In stark contrast, the Russian economy is imploding in plain sight. Food inflation in Russia is around 25%, interest rates on loans is a usurious 25%, and lending has come to a near complete halt, making ordinary life unbearable and unaffordable for normal Russians. Every sector has fallen 60 percent to 95 percent. Putin is running enormous deficits, and no nation is buying his debt–not even China. Millions of skilled tech workers have fled the country and oligarchs have spirited out $300 billion in assets. Foreign direct investment in Russian has fallen from $100 billion a year to zero.
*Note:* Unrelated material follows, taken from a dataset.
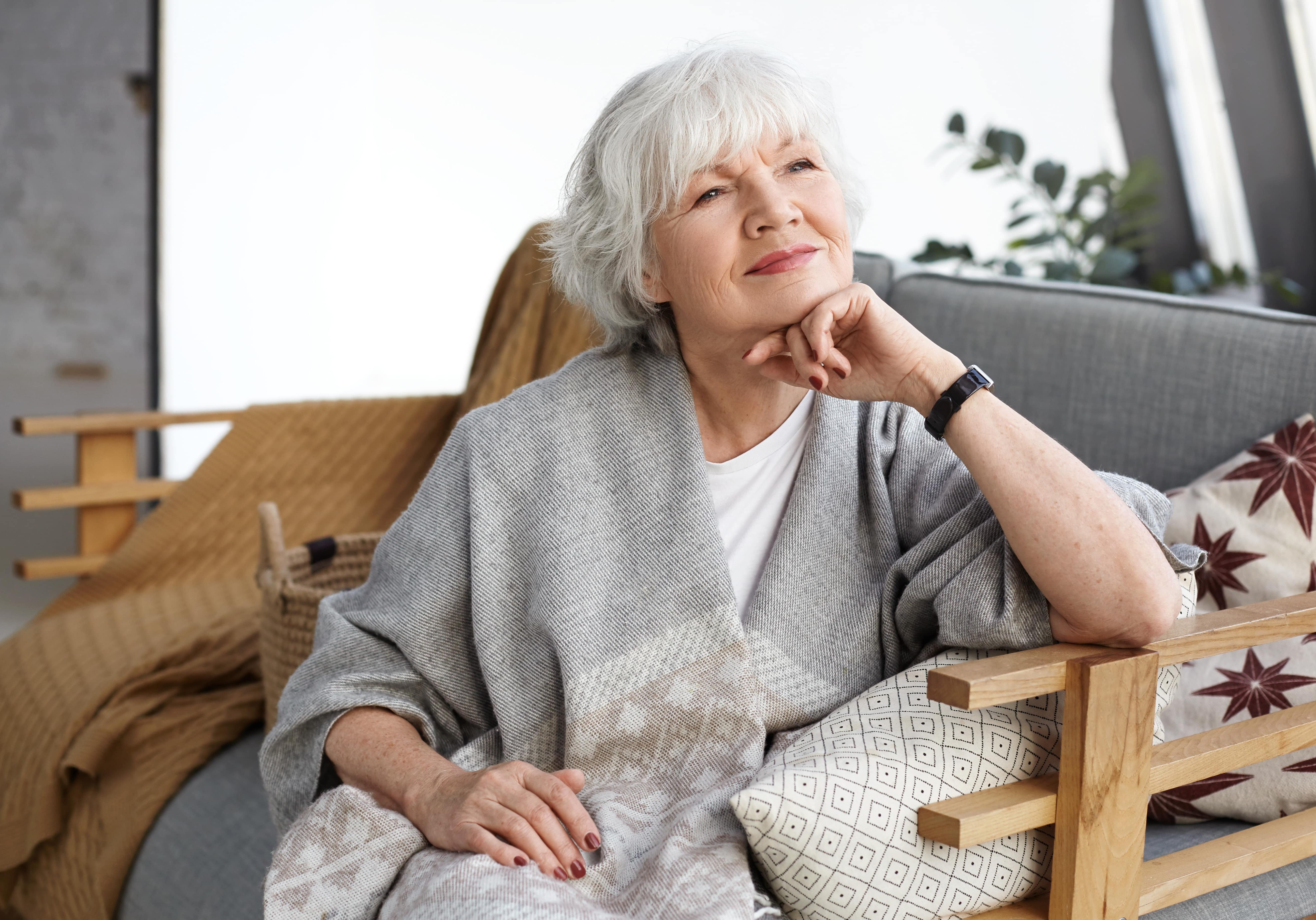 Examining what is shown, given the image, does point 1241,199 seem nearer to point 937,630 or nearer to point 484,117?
point 484,117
To fund his war machine, Putin has been throwing the living room furniture into the furnace, cannibalizing productive sectors and relying on unsustainable, record deficit spending. Putin’s bluff is being called as Putin is quickly running out of cash, with the value of Russia’s sovereign wealth fund and rainy day reserves having fallen by 50% over the last two years. At this rate, Russia will be out of cash by the end of the year if not sooner. 

Russia has found out the hard way that it is always easier for consumers to replace an unreliable supplier than it is for a supplier to find new markets, as global supply chains have found alternative sources for every Russian commodity export. Russia has one of the highest breakeven prices of any oil producing nation in the world, at $44 a barrel, nearly double that of Saudi Arabia and other Mideast oil producers – meaning Russia has been exporting oil at close to breakeven prices when supply chain and transport costs are factored in. 

On natural gas exports, Putin has no such pipelines to Asia and thus flares off most of his natural gas as waste.  The EU, by contrast now welcome affordable liquified natural gas (LNG) from the US, Norway, Algeria, and 22 other economic, reliable sources – which in turn is converted back to gas vapor to serve all of Europe, since the EU now has deep water ports with terminals and conversion plants in Germany, Poland, Lithuanian, Spain, and Portugal. Russia is even more desperate for US businesses to return now because they cannot get Arctic oil out of the ground without the help of US technology and brainpower, meaning their production will decline in the years ahead without US help. 

American CEOs know that doing business with Vladimir Putin is not just wrong, it is bad business. The U.S. President should listen to them: Recognize the opportunity he has and let Russia’s economy fail.